Aim of the exercise:
Give the data again word for word; drop the pictures.

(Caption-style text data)
----------

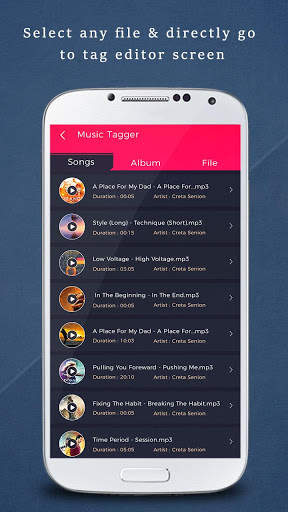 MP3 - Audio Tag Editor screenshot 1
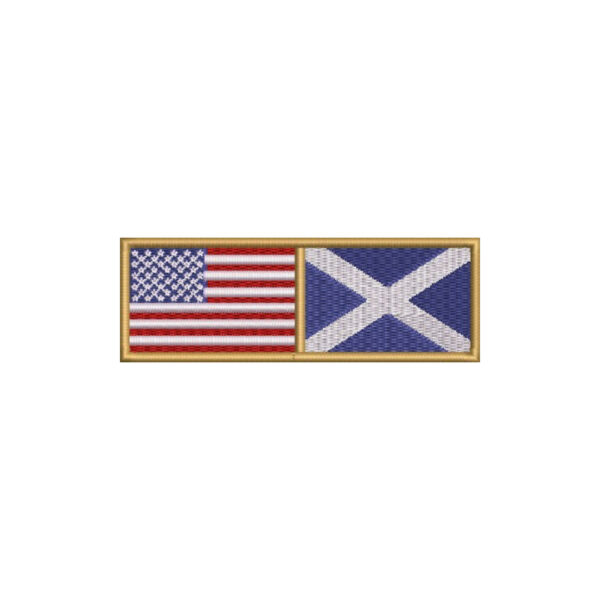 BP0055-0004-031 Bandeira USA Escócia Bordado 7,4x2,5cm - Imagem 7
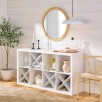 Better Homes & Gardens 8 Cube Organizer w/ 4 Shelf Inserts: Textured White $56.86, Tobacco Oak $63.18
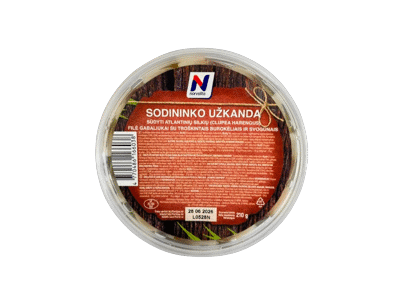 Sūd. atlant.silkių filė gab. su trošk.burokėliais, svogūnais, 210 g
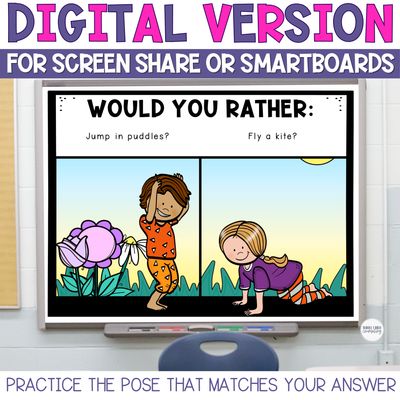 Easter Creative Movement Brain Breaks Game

----------

Result:
 MP3 - Audio Tag Editor screenshot 1
 BP0055-0004-031 Bandeira USA Escócia Bordado 7,4x2,5cm - Imagem 7
 Better Homes & Gardens 8 Cube Organizer w/ 4 Shelf Inserts: Textured White $56.86, Tobacco Oak $63.18
 Sūd. atlant.silkių filė gab. su trošk.burokėliais, svogūnais, 210 g
 Easter Creative Movement Brain Breaks Game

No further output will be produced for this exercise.